The speaker of the Turkish Parliament, Mustafa Sentop, stated that “Russia is not only our neighbor, but also our friend and cooperation partner, on the way to the future.” Russia returned the compliment by congratulating Turkey on the two countries’ century of diplomatic ties, adding, “Today the [bilateral relations] are experiencing a rise, steadily moving to the level of strategic partnership in a number of areas and serve as an important factor in strengthening regional stability and security.” The celebration and congratulatory messages were occasioned on the centennial anniversary of the Treaty of Moscow of 1921, which was later finalized in Kars on October 13, 1921. Russian and Turkish relations have historically improved at Armenia’s expense.

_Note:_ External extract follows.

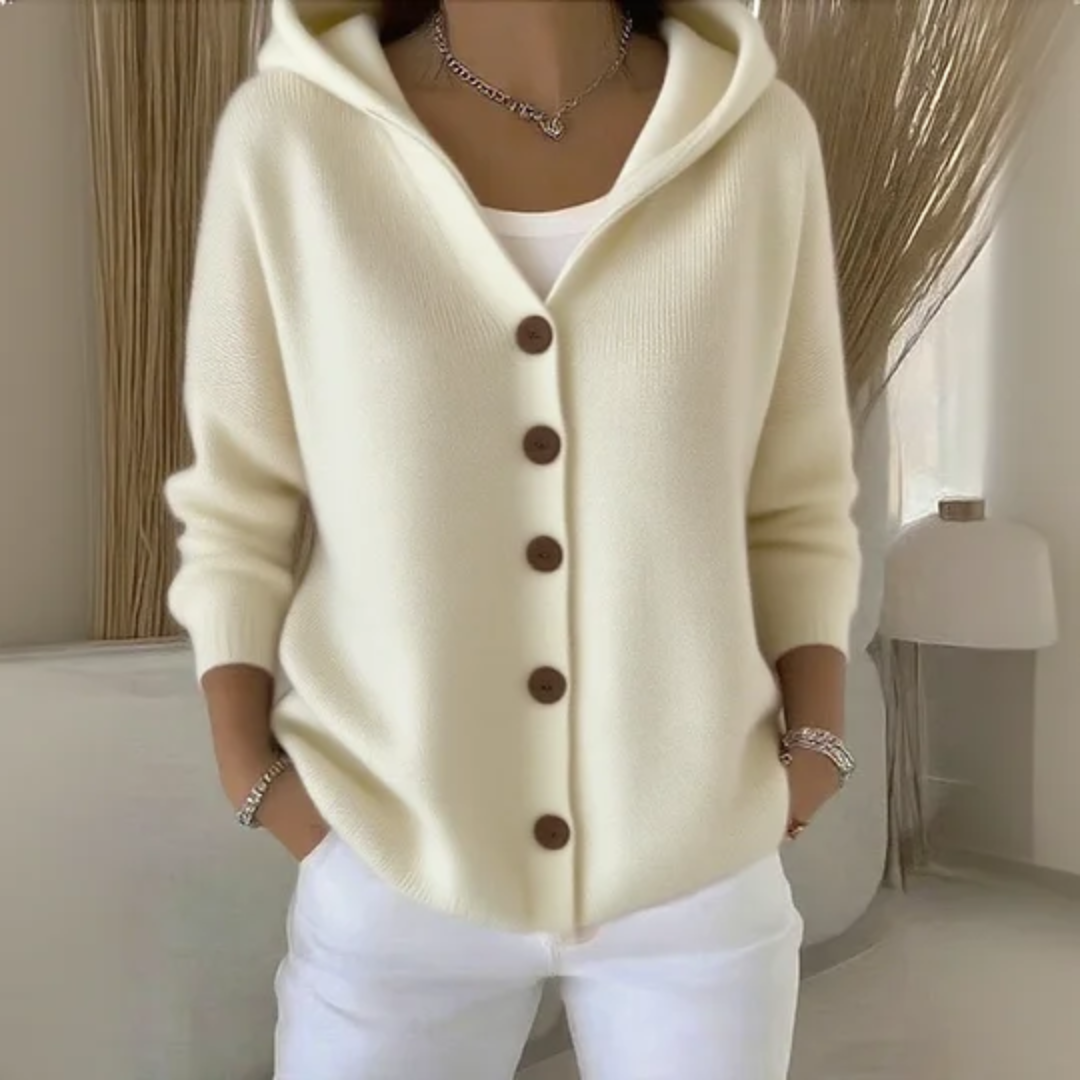 Cataleya Cardigan Femme Capuche – Maille Douce Effet Cachemire & Coupe Droite Élégante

The Treaty of Moscow finalized the current border between Armenia and Turkey, without Armenia’s participation. Later on, when Soviet rule was firmly installed in Armenia, the central government forced Armenia to sign the Kars Treaty. As if international intrigues were not enough to disenfranchise the fledgling Republic of Armenia in its external relations, a domestic uprising in Yerevan denied Armenia its participation in the negotiations leading to the conclusion of the Treaty of Moscow. Soviet rule was established in Armenia on December 2, 1920 and the new government had dispatched its delegation to participate in Moscow negotiations. While the delegation was on its way, an uprising took place by the Armenian Revolutionary Federation (Dashnaktstutyun) Party on February 18, 1921, and for almost a month and a half, the Salvation Committee headed by the last prime minister of independent Armenia, Simon Vratsian, took the helm of the government and wired Moscow that the delegation did not represent the revolutionary government.